### Geometry of Equations

Many ways problem

## Main solutions

How can you guarantee that your four lines will intersect to form a triangle where each point on the triangle has negative coordinates?

Approach 1

We know that all of the vertices of the triangle need to be located in the bottom left quadrant. If we specify the coordinates of the vertices then we can work out the equations of the lines from there.

We could select any three points in the bottom left quadrant.

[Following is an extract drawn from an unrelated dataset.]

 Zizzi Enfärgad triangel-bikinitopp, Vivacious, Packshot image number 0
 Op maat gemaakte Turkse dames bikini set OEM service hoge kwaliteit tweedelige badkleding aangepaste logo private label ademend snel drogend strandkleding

Let’s take $A(-5,-2)$, $B(-4,-9)$ and $C(-0.4,-0.5)$ as an example. To find the equation of the straight line passing through two points we can use the general form of the equation $y-y_{1}=m(x-x_{1})$.

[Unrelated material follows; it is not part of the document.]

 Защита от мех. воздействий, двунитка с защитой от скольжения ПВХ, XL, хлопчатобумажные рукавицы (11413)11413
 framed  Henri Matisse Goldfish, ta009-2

Let’s start with coordinates $A$ and $B$. The gradient of the line is $\frac{y-y_{1}}{x-x_{1}}=\frac{-2+9}{-5+4}=-7$.

Then the equation of the line is $y+2=-7(x+5)$, or $y+7x+37=0$.

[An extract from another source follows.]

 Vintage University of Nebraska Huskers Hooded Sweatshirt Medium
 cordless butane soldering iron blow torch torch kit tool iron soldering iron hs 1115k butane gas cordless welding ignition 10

Now if we repeat the process with coordinates $B$ and $C$ we get a gradient of $\frac{-9+0.5}{-4+0.4}$, or $\frac{85}{36}$. Then the equation of the line is $y+9=\frac{85}{36}(x+4)$, or $36y=85x+16$.

And finally we repeat the process with coordinates $A$ and $C$ giving a gradient of $\frac{-2+0.5}{-5+0.4}=\frac{15}{46}$. Then the equation of the line is $y+2=\frac{15}{46}(x+5)$ $46y=15x-17$.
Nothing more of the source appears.